We will not test for linearity in our problems.
Assumption of homogeneity of variance - 1




The assumption of homogeneity of variance is particular important in
the classification stage of discriminant analysis.
If one of the groups defined by the dependent variable has greater
dispersion than others, cases will tend to be over classified in it.
Homogeneity of variance is tested with Box's M test, which tests the
null hypotheses that the group variance-covariance matrices are equal.
If we fail to reject this null hypothesis and conclude that the variances
are equal, we use the SPSS default of using a pooled covariance matrix
in classification.
If we reject the null hypothesis and conclude that the variances are
heterogeneous, we substitute separate covariance matrices in the
classification, and evaluate whether or not our classification accuracy
is improved.
Assumption of homogeneity of variance - 2
SPSS does not calculate a cross-validated
accuracy rate when it uses separate
covariance matrices in classification.
When we use separate covariance matrices in
classification, the decision to use the baseline
or the revised model is based on the
accuracy rates that SPSS identifies as the %
of original grouped cases correctly classified.
Detecting outliers in discriminant analysis - 1



In the classification phase of discriminant analysis, each case will be
predicted to be a member of one of the groups defined by the
dependent variable.
The assignment is based on proximity, i.e. the case will be assigned to
the group it is closest to in multidimensional space.
Just as we use z-scores to measure the location of a case in a
distribution with a given mean and standard deviation, we can use
Mahalanobis distance as a measure of the location of a case relative to
the centroid and covariance matrix for the cases in the distribution for
a group of cases. The centroid and covariance matrix are the
multivariate equivalents of a mean and standard deviation.
Detecting outliers in discriminant analysis - 2



According to the SPSS Base 10.0 Applications Guide, page 259, "cases
with large values of Mahalanobis distance from their group mean can
be identified as outliers."
In the Casewise Statistics output, SPSS provides us with the Squared
Mahalanobis Distance to the Centroid for each of the groups defined
by the dependent variable.
If a case has a large Squared Mahalanobis Distance to the Centroid is
most likely to belong to, it is an outlier.

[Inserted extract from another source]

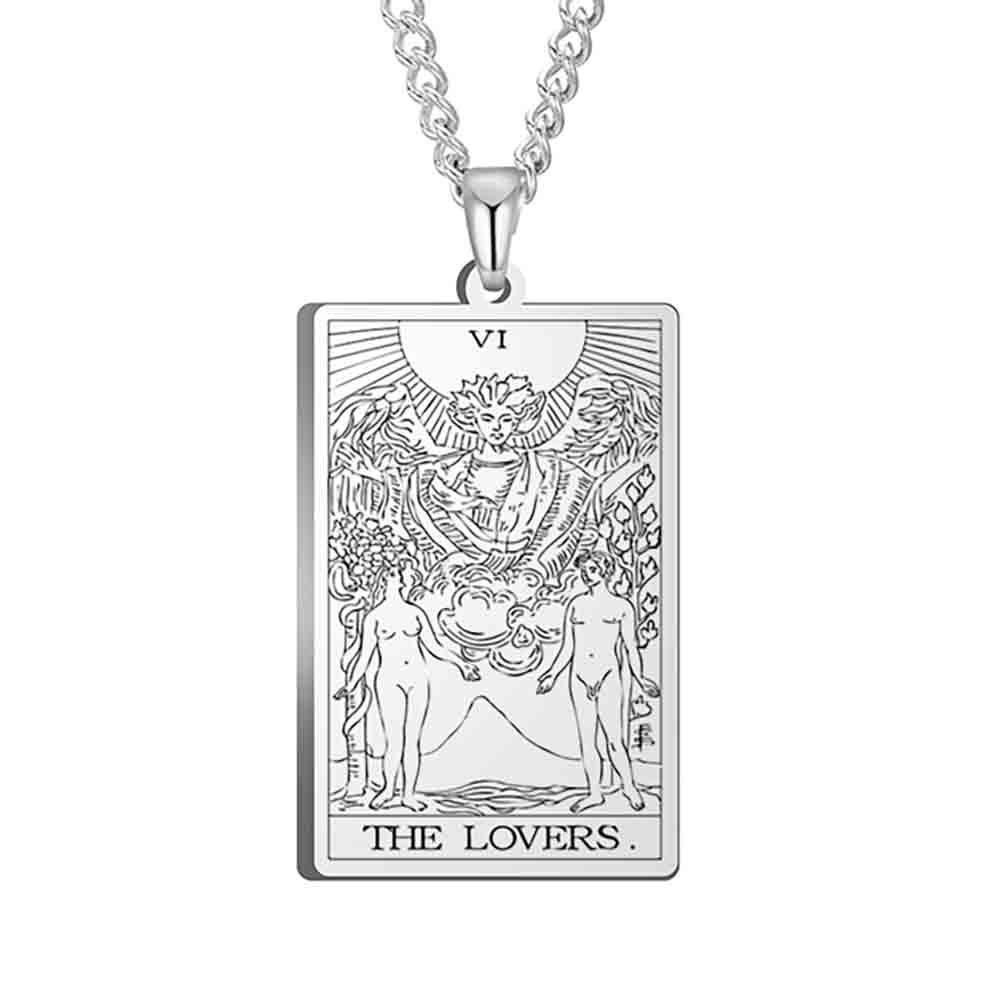 Stainless Steel Tarot Card Pendant Necklace - Men's Retro Hip Hop Style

Detecting outliers in discriminant analysis - 3



If we calculate the critical value that identifies a "large" value for
Mahalanobis D² distance, we can scan the Casewise Statistics table to
identify outliers.
When we identified multivariate outliers, we used the SPSS function
CDF.CHISQ to calculate the probability of obtaining a D² of a certain
size, given the number of independent variables in the analysis.
SPSS has a parallel function, IDF.CHISQ, that computes the size of D²
needed to reach a specific probability, given the number of
independent variables in the analysis.
Detecting outliers in discriminant analysis - 4



Since we are dealing with the classification phase of discriminant
analysis, we use the number of independent variables included in
computing the discriminant scores for cases.

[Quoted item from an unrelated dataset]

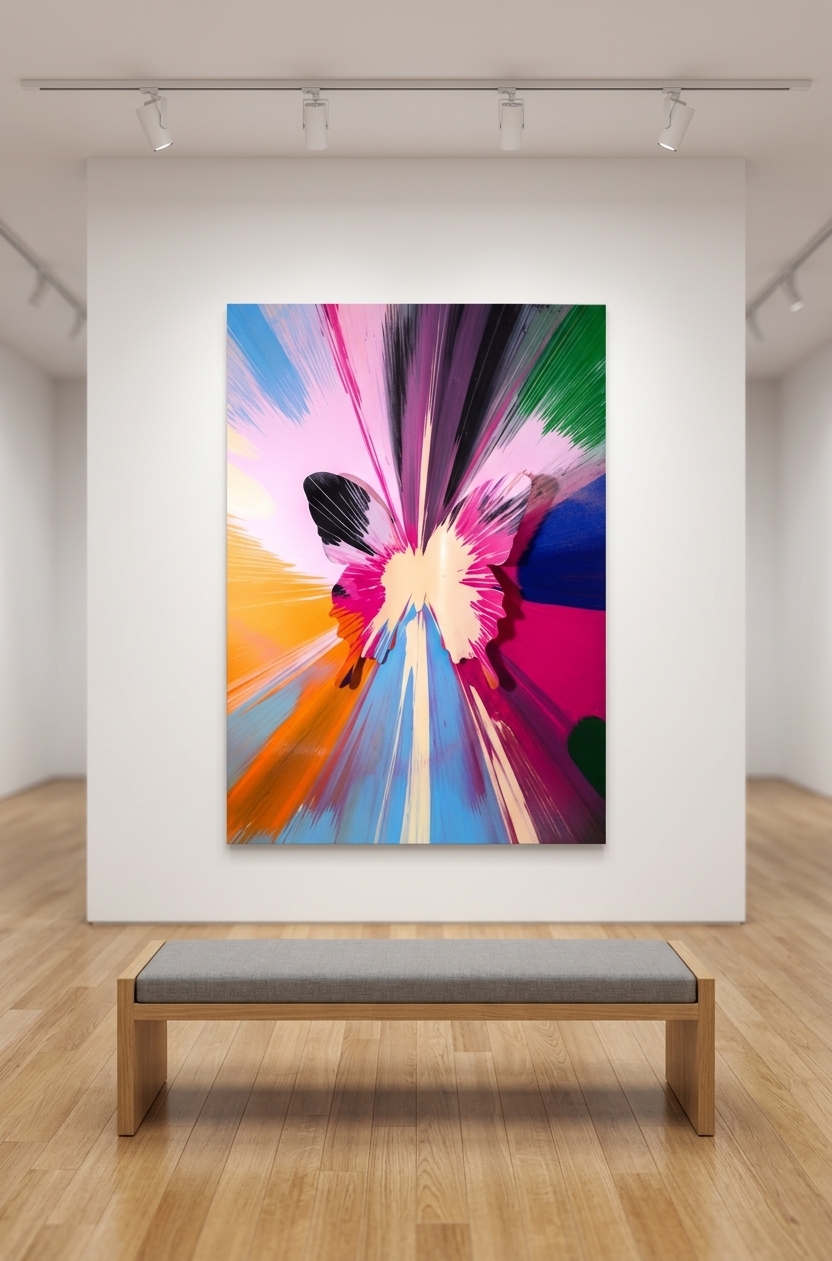 Punkmetender - 23, 2020, Acrylic on stretched canvas, aluminum butterfly, resin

For simultaneous discriminant analysis in which all independent
variables are entered at the same time, we use the total number of
independent variables in the calculations for the critical value for D².

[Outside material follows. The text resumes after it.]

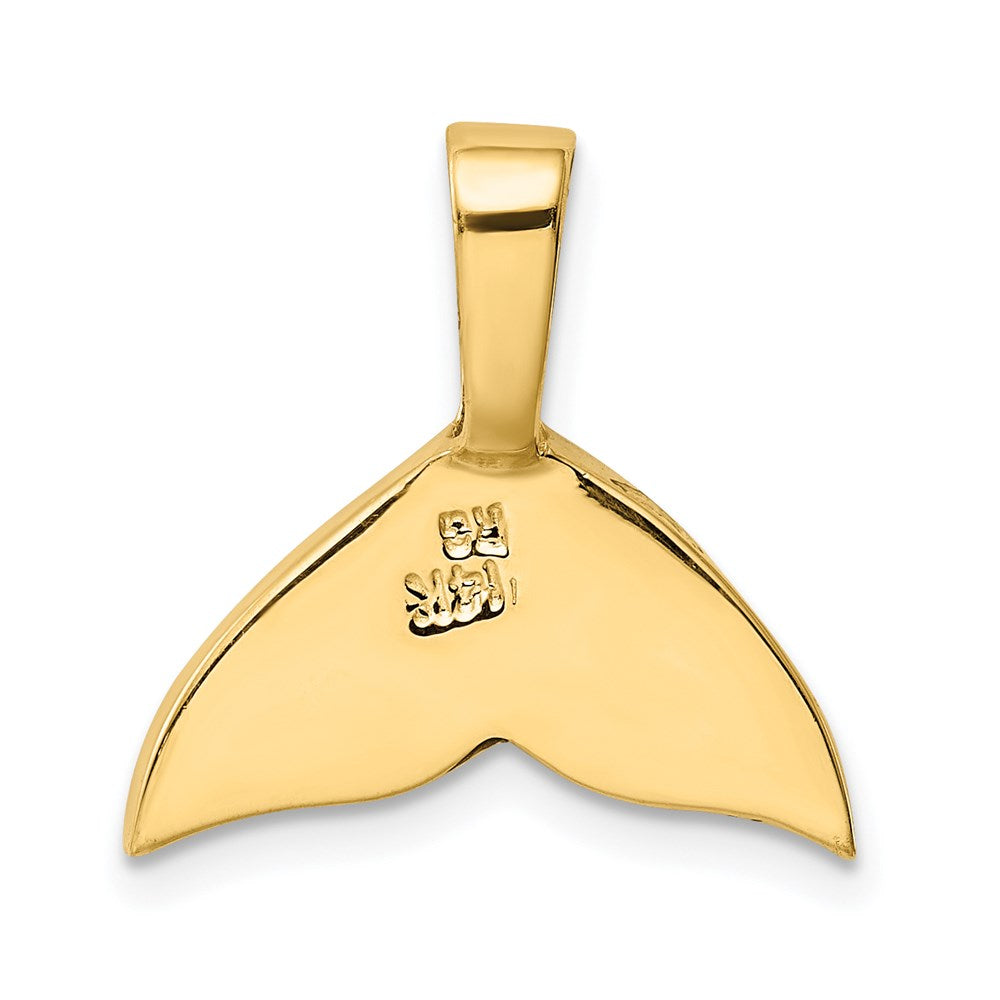 14K Gelbgold Imitat Opal Wal Schwanz Anhänger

For stepwise discriminant analysis, in which variables are entered by
statistical criteria, we use the number of variables satisfying the
statistical criteria in the calculations for the critical value for D².
Detecting outliers in discriminant analysis - 5



We will identify outliers as cases whose probability of being in
the group that they are most likely to belong it is 0.01 or less.
Since the IDF.CHISQ function is based on cumulative
probabilities from the left tail of the distribution through the
critical value, we will use 1.00 – 0.01 = 0.99 as the probability
in the IDF.CHIDQ function.
For simultaneous discriminant analysis with 4 independent
variables, the compute command for the critical value of D² is:
COMPUTE critval = IDF.CHISQ(0.99, 4).
For stepwise discriminant analysis, in which 2 of for
independent variables, the compute command for the critical
value of D² is: COMPUTE critval = IDF.CHISQ(0.99, 2).
Multicollinearity




Multicollinearity has the same effect in discriminant analysis
that it does in multiple regression, i.e. the importance of an
independent variable will be undervalued because it has a very
strong relationship to another independent variable or
combination of independent variables.
Like multiple regression, multicollinearity in discriminant
analysis is identified by examining tolerance values.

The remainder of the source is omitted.